| TASK INPUT |
↓
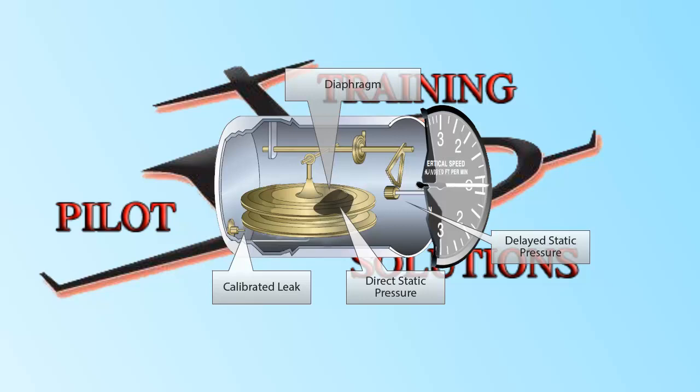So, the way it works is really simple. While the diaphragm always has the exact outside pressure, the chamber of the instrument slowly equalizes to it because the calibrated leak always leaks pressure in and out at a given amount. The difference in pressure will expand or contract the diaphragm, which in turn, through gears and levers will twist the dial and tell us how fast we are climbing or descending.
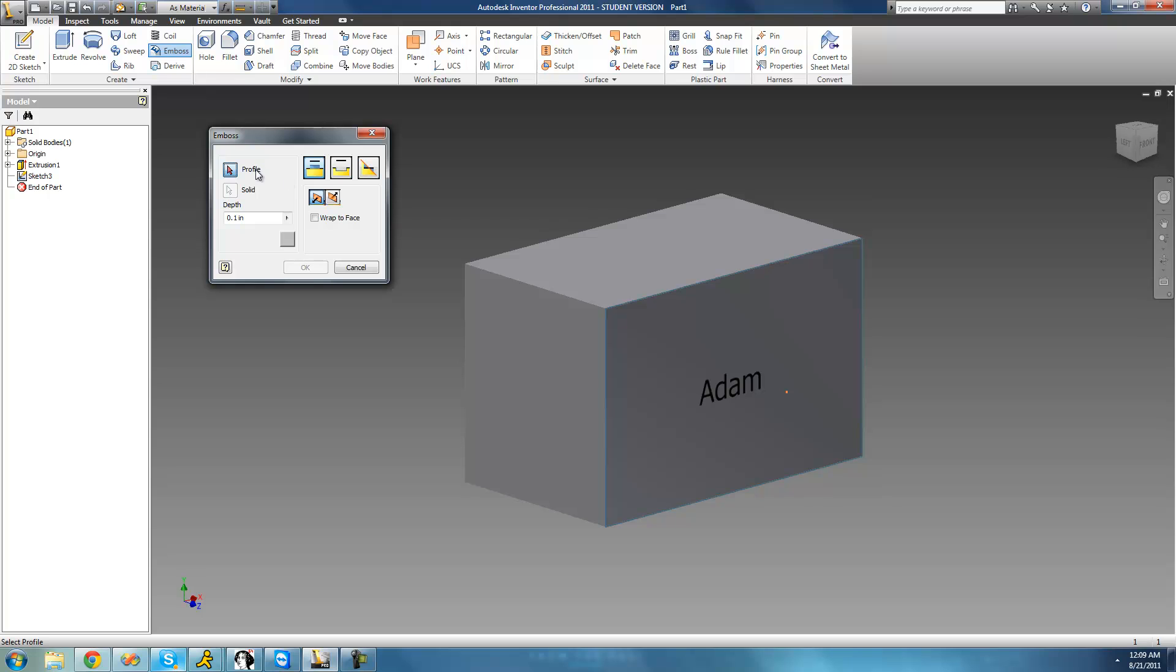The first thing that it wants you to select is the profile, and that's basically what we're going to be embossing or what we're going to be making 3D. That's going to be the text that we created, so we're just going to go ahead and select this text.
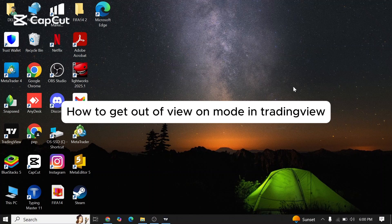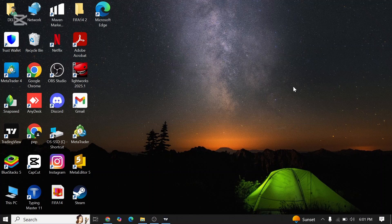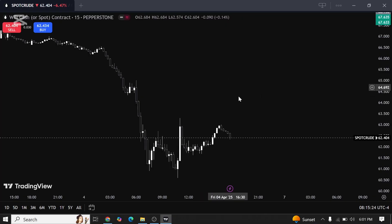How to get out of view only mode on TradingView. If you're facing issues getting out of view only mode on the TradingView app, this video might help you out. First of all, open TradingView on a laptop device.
↑
↓
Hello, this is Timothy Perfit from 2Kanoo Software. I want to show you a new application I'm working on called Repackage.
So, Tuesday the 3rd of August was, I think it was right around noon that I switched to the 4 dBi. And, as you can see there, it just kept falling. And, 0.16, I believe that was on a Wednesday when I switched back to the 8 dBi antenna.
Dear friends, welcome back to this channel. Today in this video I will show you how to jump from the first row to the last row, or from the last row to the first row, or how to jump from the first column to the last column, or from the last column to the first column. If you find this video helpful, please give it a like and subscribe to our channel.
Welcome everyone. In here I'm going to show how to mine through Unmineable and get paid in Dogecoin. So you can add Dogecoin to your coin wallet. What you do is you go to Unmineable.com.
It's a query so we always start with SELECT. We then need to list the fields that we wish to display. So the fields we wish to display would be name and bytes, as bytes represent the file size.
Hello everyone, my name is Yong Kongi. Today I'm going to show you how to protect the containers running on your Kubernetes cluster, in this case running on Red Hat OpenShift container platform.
↑
| PROBLEM TO WORK ON |
Of all the lines in the records, how many have the word "your"? Write only the number.

| RESULT |
2